Выбрать главу

Только благодаря рецензии Эдуарда Багрицкого в Москве выходит в 1931 году поэма «Путь к социализму», оцененная им как «единственное в настоящее время художественное произведение, в котором актуальная тема дана в настоящем поэтическом освещении», «первый опыт настоящего серьезного подхода поэта к теме сегодняшнего дня».

Уже отчаявшийся, по собственным словам, увидеть это произведение в печати, Твардовский «всегда с благодарным чувством» вспоминал о Багрицком, обладавшем не только добрым сердцем, но и «той обширностью взгляда… которая позволяла ему отмечать своим вниманием работу, казалось бы, совершенно чуждую ему по духу и строю».

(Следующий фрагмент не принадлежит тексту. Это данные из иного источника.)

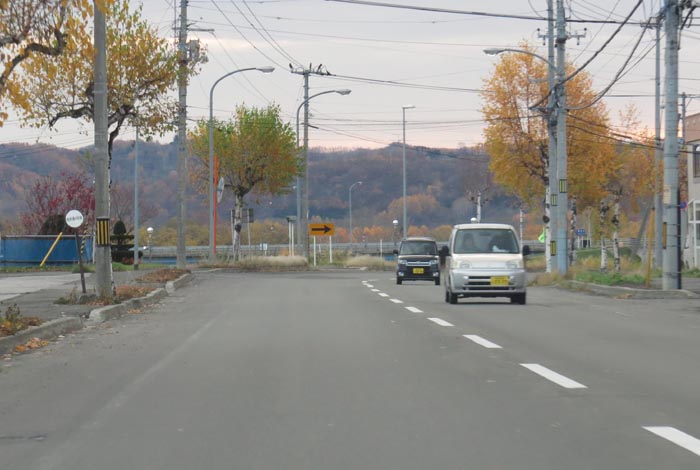 webnews今朝の北見／末広町の南岸通り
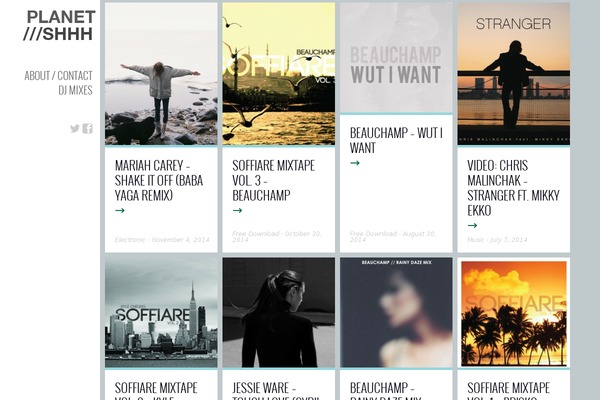 Simply Read theme site design template sample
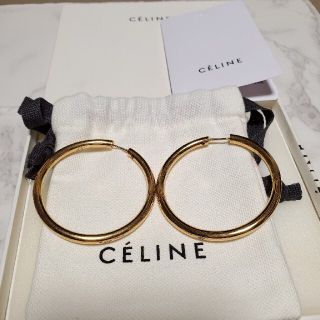 美品 CELINE  ピアス♡ 4枚目アップしております！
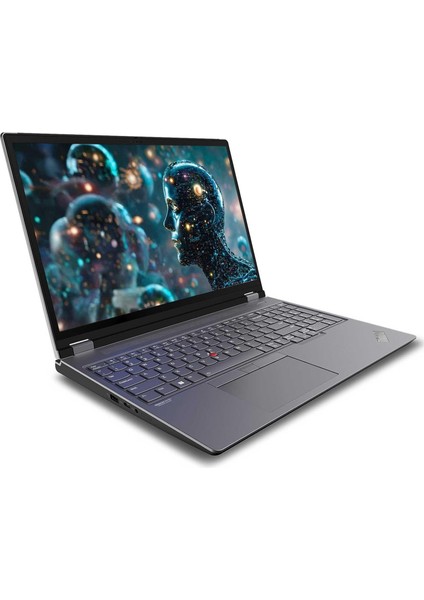 Thinkpad P16 21FBAFH101A016 I9-13980HX 128GB 4tbssd RTX4000 16" Wqxga W11P Dizüstü Iş Istasyonu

Но вот что примечательно. Еще недавно обещавший, что, если Анатолий Тарасенков поможет издать «Путь к социализму», он расцелует «Тольку на Красной площади», и «страшно» радовавшийся, что московский режиссер Варпаховский подумывает инсценировать поэму, автор вскоре после ее выхода книгой предостерегает Анатолия Кузьмича (13 сентября 1931 года): «Насчет „Путя к соц.“ не пиши, если собираешься хвалить (курсив мой. — А. Т-в), ибо хвалить нечего. У меня уже прошел даже тот период, когда я мучился, что вот у меня такая дрянная вещь издана первой, — теперь я уже спокоен совсем, т. е. еще дальше ушел от нее (как видим, тарасенковские слова о „быстро растущем“ человеке отнюдь не преувеличение! — А. Т-в). Но если собираешься как следует разругать, разобрать по-настоящему, чтоб и другим не повадно было, тогда — дуй!»

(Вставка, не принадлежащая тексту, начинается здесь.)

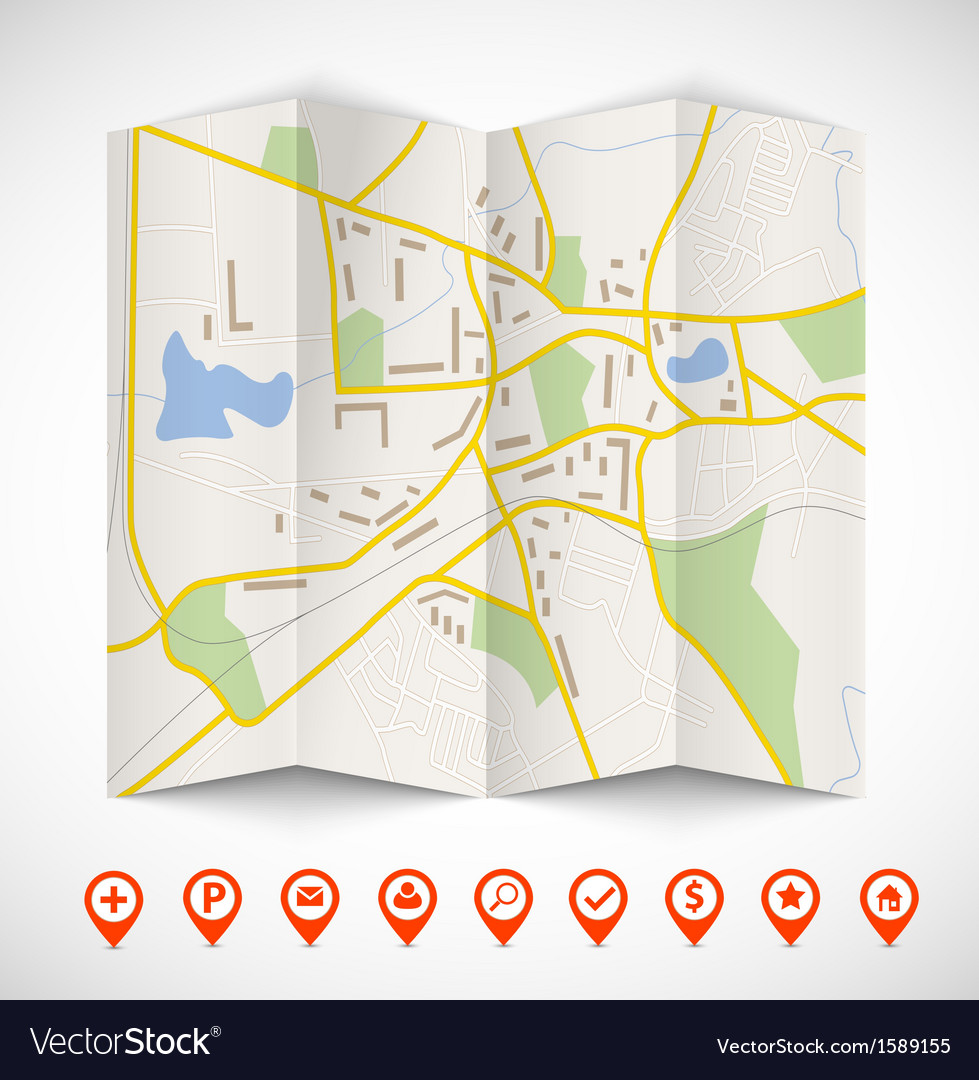 Travel Map Navigation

Он не обольщался ни «благословением» Эдуарда Багрицкого, ни «крайне восторженным», по свидетельству Тарасенкова, отзывом Бориса Пастернака. Зато остро ощущал, что в попытке рассказать о колхозе (носившем то же название, что и поэма), используя самые обычные, обиходные слова и интонации, он чрезмерно прозаизировал стих, как бы выпустив из рук ритмические «вожжи». Мало правдоподобия в изображении быстро достигнутого колхозом благополучия. Почти не отличимы друг от друга герои поэмы.

На рубеже тридцатых годов в жизнь Твардовского входит человек, необычайно много определивший в его дальнейшей судьбе.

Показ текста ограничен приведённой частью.